No caso dos R em "marcenaria", cabe notar que um deles está no final de sua sílaba, o outro no início: "maR" e "Ri" (ou, eventualmente, "Ria"). Nas pronúncias brasileiras, os dois sons são com frequência diferentes. Mais que isso, em certas pronúncias o primeiro nem é um som propriamente dito, mas uma mudança no som da vogal anterior. Apesar das variações regionais (e a geografia não é garantia plena sobre a pronúncia de quem escreveu a placa), a tendência brasileira é que o primeiro R seja um som mais fraco que o segundo, chegando às vezes a desaparecer. Ao perceber a diferença de intensidade entre os dois sons, é plausível que a pessoa tenha omitido, talvez inconscientemente, talvez conscientemente, o primeiro R: sob esta ótica, sua grafia é mais regular que aquela correta.

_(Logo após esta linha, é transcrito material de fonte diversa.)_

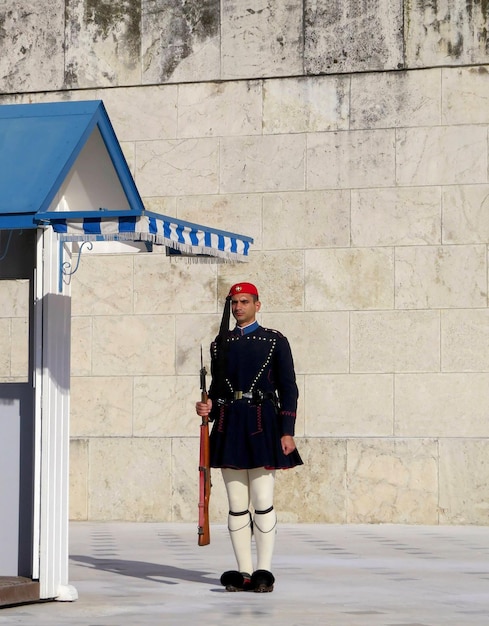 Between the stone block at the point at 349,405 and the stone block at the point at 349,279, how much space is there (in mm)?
814

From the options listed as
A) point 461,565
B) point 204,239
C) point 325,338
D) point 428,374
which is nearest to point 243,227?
point 325,338

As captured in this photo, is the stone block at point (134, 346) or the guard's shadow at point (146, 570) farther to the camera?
the stone block at point (134, 346)

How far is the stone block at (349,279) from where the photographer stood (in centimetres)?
1584

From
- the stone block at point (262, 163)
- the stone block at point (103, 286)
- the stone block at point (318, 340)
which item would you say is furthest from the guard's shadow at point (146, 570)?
the stone block at point (262, 163)

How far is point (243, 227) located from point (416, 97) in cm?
242

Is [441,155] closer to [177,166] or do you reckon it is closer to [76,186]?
[177,166]

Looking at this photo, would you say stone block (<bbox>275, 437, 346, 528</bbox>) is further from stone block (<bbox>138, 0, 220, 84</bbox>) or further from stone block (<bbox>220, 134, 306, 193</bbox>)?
stone block (<bbox>138, 0, 220, 84</bbox>)

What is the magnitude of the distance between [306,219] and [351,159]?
839 mm

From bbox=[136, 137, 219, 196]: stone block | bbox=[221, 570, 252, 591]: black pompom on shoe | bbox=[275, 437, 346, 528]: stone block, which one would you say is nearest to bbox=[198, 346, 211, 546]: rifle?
bbox=[221, 570, 252, 591]: black pompom on shoe

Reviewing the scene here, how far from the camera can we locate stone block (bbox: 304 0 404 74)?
16.1 metres

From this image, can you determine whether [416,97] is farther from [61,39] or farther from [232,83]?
[61,39]

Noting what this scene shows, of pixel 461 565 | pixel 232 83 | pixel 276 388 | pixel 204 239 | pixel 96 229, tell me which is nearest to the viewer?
pixel 96 229

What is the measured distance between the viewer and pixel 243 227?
16266mm

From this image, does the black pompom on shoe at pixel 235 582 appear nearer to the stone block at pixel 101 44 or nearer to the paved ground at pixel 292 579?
the paved ground at pixel 292 579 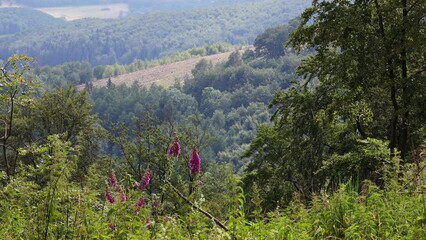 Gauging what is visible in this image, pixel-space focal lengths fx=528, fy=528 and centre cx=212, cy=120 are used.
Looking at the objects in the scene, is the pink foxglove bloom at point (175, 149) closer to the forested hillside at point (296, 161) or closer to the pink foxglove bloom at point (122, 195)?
the forested hillside at point (296, 161)

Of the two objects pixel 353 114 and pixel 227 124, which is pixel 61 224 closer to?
pixel 353 114

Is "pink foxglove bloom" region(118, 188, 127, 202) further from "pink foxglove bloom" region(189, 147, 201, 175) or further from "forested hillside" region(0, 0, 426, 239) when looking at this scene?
"pink foxglove bloom" region(189, 147, 201, 175)

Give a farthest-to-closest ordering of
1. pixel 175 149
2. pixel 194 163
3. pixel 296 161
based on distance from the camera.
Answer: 1. pixel 296 161
2. pixel 175 149
3. pixel 194 163

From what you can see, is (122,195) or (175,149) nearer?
(122,195)

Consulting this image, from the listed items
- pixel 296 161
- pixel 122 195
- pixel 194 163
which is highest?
pixel 194 163

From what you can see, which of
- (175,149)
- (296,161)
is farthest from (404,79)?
(175,149)

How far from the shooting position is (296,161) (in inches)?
520

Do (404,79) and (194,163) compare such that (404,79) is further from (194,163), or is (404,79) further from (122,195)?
(122,195)

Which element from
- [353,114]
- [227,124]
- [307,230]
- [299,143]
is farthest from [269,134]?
[227,124]

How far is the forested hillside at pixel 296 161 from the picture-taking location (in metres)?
4.45

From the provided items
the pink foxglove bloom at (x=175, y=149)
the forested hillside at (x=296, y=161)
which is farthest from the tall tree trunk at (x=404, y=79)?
the pink foxglove bloom at (x=175, y=149)

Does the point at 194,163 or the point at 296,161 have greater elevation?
the point at 194,163

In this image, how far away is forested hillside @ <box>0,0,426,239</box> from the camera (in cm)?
445

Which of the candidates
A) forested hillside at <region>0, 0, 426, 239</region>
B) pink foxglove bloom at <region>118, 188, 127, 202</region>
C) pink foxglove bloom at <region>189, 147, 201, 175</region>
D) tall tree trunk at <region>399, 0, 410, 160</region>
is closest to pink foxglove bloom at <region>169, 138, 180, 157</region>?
forested hillside at <region>0, 0, 426, 239</region> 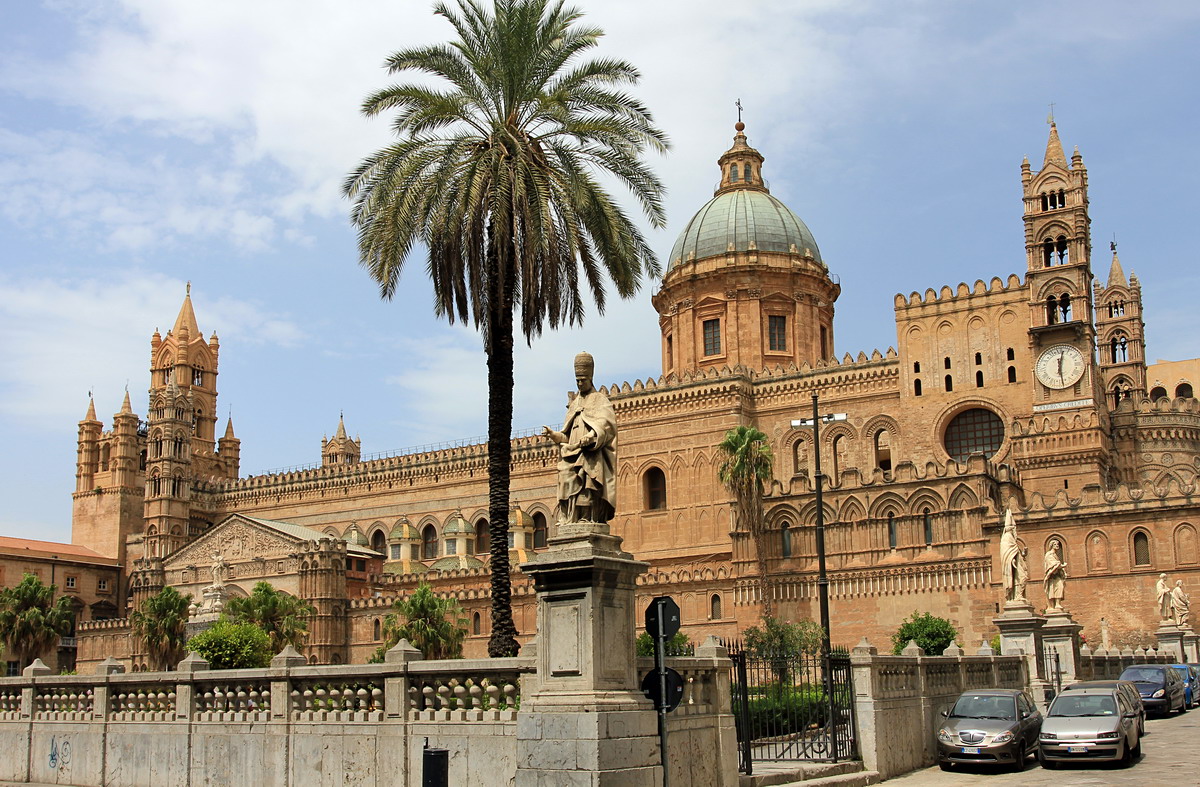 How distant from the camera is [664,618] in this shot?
12.4 meters

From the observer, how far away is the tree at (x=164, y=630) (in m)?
59.7

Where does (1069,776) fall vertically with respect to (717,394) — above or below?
below

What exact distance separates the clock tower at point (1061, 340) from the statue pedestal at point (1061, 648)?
20.0 meters

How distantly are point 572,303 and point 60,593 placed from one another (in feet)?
201

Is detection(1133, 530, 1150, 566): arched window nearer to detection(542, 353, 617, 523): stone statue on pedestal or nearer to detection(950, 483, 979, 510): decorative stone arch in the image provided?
detection(950, 483, 979, 510): decorative stone arch

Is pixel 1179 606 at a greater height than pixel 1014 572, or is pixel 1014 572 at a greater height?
pixel 1014 572

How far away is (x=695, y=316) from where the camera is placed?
6212cm

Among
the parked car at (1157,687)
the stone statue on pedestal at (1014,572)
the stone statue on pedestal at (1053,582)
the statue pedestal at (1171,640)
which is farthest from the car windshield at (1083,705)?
the statue pedestal at (1171,640)

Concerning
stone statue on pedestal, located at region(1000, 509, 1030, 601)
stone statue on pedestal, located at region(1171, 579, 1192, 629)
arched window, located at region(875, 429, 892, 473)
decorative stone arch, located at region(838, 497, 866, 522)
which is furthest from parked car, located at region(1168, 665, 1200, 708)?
arched window, located at region(875, 429, 892, 473)

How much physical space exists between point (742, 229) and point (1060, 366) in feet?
59.0

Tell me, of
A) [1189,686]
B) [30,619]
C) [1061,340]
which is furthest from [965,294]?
[30,619]

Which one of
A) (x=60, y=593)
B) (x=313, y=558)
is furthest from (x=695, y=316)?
(x=60, y=593)

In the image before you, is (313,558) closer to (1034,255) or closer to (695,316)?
(695,316)

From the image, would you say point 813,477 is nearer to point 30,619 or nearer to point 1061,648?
point 1061,648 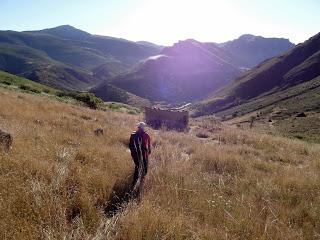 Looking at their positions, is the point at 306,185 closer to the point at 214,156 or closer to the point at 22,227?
the point at 214,156

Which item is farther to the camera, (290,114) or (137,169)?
(290,114)

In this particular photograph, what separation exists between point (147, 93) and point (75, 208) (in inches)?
7320

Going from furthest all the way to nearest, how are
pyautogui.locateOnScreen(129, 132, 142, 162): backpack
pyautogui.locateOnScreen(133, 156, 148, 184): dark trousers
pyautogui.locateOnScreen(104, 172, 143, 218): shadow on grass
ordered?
pyautogui.locateOnScreen(129, 132, 142, 162): backpack < pyautogui.locateOnScreen(133, 156, 148, 184): dark trousers < pyautogui.locateOnScreen(104, 172, 143, 218): shadow on grass

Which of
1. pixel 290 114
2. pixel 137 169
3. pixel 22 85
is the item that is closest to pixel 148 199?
pixel 137 169

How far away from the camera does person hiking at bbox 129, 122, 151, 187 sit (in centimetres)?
751

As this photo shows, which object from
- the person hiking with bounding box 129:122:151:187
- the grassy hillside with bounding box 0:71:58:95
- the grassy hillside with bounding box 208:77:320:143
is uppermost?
the person hiking with bounding box 129:122:151:187

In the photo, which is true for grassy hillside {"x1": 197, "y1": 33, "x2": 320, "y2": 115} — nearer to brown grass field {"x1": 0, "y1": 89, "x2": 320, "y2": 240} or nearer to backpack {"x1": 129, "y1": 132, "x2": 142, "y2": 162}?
brown grass field {"x1": 0, "y1": 89, "x2": 320, "y2": 240}

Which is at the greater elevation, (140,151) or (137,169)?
(140,151)

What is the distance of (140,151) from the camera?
7.67m

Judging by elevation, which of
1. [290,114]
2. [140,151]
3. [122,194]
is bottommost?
[290,114]

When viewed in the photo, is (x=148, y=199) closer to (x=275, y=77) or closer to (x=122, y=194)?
(x=122, y=194)

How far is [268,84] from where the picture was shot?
464ft

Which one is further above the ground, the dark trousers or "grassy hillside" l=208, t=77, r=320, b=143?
the dark trousers

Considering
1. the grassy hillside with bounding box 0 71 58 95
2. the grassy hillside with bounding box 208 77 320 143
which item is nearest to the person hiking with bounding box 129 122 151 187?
the grassy hillside with bounding box 0 71 58 95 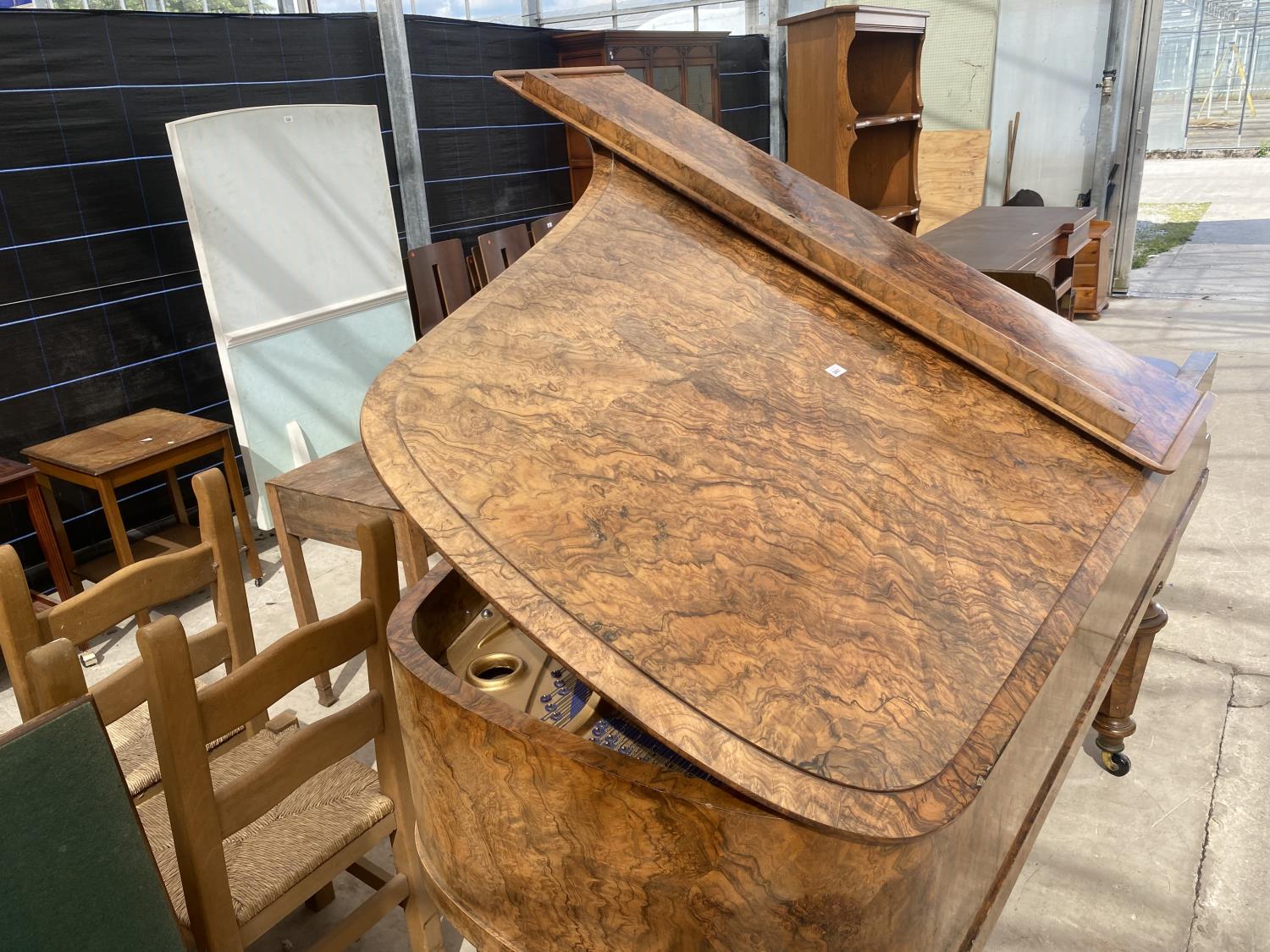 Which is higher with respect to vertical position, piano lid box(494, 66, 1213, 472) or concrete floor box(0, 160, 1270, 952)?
piano lid box(494, 66, 1213, 472)

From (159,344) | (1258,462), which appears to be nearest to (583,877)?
(159,344)

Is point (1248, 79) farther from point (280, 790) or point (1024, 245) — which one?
point (280, 790)

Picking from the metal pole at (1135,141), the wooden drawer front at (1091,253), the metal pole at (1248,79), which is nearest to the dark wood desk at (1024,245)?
the wooden drawer front at (1091,253)

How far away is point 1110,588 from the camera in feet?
4.37

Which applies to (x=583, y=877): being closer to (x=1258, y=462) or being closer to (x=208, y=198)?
(x=208, y=198)

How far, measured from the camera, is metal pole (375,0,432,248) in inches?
174

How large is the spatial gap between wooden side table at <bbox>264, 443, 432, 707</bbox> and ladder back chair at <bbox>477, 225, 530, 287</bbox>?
2.15 m

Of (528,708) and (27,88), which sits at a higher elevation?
(27,88)

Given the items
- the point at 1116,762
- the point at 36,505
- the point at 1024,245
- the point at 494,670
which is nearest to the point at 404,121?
the point at 36,505

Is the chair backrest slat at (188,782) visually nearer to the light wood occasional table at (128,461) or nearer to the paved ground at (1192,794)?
the paved ground at (1192,794)

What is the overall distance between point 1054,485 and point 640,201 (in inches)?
35.9

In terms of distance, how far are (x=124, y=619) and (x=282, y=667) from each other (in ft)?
1.85

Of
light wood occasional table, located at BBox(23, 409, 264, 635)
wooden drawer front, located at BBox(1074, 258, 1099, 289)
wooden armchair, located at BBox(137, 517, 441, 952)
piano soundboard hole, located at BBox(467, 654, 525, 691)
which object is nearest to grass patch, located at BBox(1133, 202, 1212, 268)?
wooden drawer front, located at BBox(1074, 258, 1099, 289)

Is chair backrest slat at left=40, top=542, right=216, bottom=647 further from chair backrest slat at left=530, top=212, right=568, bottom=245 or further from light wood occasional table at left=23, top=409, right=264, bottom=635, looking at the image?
chair backrest slat at left=530, top=212, right=568, bottom=245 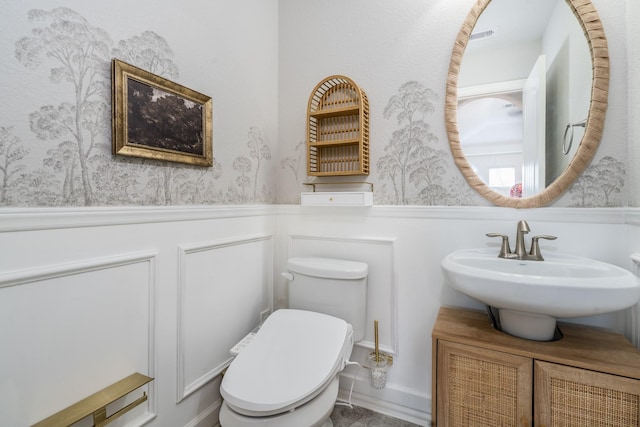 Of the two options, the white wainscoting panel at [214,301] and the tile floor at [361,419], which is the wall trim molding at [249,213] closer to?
the white wainscoting panel at [214,301]

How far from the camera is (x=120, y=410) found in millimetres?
902

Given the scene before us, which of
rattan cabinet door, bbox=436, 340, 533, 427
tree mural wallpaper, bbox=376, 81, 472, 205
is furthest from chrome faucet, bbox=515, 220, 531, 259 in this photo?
rattan cabinet door, bbox=436, 340, 533, 427

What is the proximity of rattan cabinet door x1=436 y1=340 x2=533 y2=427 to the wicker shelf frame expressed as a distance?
3.01 feet

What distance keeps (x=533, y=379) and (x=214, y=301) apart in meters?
1.25

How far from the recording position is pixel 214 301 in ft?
4.43

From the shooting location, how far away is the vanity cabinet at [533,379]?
86 centimetres

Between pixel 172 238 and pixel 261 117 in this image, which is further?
pixel 261 117

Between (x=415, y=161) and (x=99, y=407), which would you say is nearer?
(x=99, y=407)

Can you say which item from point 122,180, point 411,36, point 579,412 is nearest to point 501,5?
point 411,36

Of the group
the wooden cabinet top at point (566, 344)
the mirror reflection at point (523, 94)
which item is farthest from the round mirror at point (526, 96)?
the wooden cabinet top at point (566, 344)

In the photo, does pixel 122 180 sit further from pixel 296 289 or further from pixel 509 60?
pixel 509 60

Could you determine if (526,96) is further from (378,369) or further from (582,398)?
(378,369)

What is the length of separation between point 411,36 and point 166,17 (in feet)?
3.63

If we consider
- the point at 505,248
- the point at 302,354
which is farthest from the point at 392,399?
the point at 505,248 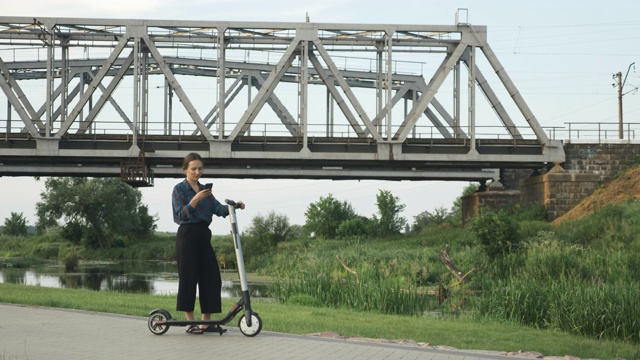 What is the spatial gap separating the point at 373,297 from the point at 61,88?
104 feet

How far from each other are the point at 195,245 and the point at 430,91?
34.9m

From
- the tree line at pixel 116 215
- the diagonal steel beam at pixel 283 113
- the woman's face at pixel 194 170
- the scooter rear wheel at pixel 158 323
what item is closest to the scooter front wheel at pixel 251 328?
the scooter rear wheel at pixel 158 323

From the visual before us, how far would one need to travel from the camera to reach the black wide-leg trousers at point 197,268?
11.5 meters

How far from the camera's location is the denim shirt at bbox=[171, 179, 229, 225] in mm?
11398

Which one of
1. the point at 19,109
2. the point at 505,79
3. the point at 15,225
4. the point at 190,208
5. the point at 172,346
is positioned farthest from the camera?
the point at 15,225

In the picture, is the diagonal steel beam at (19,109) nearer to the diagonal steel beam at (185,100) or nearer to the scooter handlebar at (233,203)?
the diagonal steel beam at (185,100)

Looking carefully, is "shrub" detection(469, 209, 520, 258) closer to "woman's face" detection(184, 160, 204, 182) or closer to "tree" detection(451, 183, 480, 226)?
"woman's face" detection(184, 160, 204, 182)

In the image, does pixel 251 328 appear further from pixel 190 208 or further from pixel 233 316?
pixel 190 208

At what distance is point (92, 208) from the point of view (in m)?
75.4

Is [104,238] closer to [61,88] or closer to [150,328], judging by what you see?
[61,88]

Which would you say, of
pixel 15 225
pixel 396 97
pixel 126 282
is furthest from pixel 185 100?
pixel 15 225

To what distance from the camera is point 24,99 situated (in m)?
45.9

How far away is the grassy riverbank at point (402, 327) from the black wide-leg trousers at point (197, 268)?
4.69 feet

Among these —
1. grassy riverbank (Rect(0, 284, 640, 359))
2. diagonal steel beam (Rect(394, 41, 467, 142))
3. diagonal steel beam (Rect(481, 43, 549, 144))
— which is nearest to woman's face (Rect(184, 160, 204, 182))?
grassy riverbank (Rect(0, 284, 640, 359)) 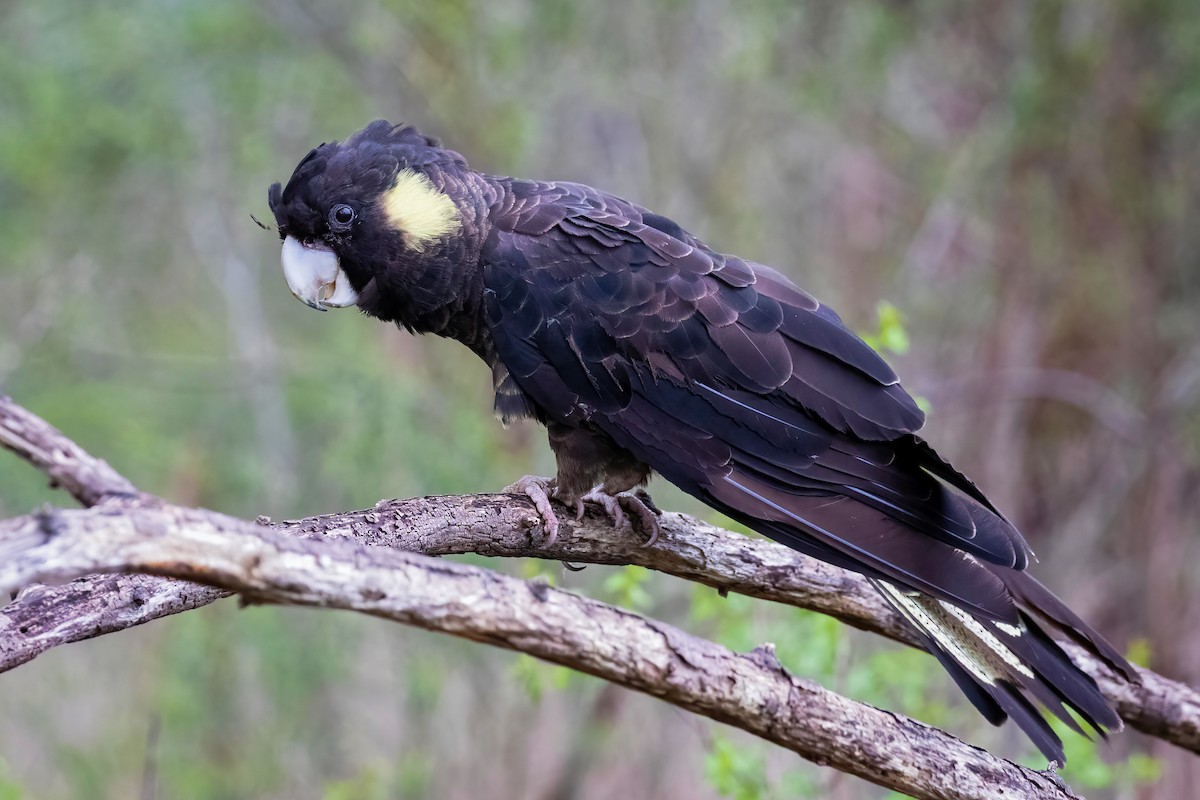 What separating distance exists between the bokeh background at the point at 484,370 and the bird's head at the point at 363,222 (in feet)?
8.74

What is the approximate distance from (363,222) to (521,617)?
74.6 inches

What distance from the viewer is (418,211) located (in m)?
3.42

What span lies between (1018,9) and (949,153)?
0.99 meters

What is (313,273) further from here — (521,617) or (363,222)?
(521,617)

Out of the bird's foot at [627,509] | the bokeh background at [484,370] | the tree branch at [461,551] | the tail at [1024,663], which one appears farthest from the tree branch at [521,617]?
the bokeh background at [484,370]

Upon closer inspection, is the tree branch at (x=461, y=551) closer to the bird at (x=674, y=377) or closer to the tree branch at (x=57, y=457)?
the tree branch at (x=57, y=457)

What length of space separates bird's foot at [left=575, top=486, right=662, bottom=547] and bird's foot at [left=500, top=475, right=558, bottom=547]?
12 cm

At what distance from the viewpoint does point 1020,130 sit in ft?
21.1

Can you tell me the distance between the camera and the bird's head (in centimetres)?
340

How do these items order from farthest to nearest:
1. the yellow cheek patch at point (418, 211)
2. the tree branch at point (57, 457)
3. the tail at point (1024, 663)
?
the yellow cheek patch at point (418, 211) → the tail at point (1024, 663) → the tree branch at point (57, 457)

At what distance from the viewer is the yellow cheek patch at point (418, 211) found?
11.1 feet

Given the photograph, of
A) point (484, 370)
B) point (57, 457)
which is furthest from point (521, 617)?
point (484, 370)

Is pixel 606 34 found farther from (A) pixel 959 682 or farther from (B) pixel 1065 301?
(A) pixel 959 682

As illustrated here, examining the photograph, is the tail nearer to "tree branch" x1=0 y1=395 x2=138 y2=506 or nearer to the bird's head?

Quanto ao "en", cabe lembrar que nosso "em" vem do equivalente latino in, grafado con N assim como em praticamente todas as línguas indo-europeias (de fato, a palavra "original" é reconstruída justamente como *in). A origem do erro, alguns já devem intuir, está na vogal inicial, que ao longo da história do português mudou de I para E (sem entrar no âmbito das diferentes pronúncias para estas vogais, com a boca mais ou menos aberta, com os lábios mais ou menos arredondados, com a língua mais ou menos pra frente...). Nas pronúncias brasileiras, entre as quais a de Goiás, não se pronuncia a consoante seguinte como uma consonante bilabial (que, grosso modo, é pronunciada fechando-se com alguma força os lábios, como no som inicial de "mãe"), ou seja, o som que se associa com a letra "m". Isso acontece porque o E é pronunciado com a boca  mais aberta que o I, e fechar os lábios após a vogal implicaria em bem mais esforço: por causa da mudança na vogal, mudou-se também a consoante. Para a maioria das pessoas, essa consoante ou é produzida no fundo da boca, com lábios abertos, ou simplesmente se muda a vogal expressa pelo "e", nasalizando-a (ou seja, abaixando o velum, a parte mole no fundo do céu da boca, e fazendo o ar passar também pelo nariz). Na história do português, essa mudança de pronúncia foi representada graficamente de muitas formas: em alguns séculos com um til, em outros precisamente com um N, nos últimos tempos com um M (devido em parte a algumas pronúncias espécificas e em parte a certas ideias sobre regularidade na grafia). Contudo, este M é bastante arbitrário, sobretudo porque, como dito no início do parágrafo, não representa em nossa palavra o som que mais associamos com a letra M (aquele de "mãe"): a letra que mais se associa ao som é, precisamente, o N.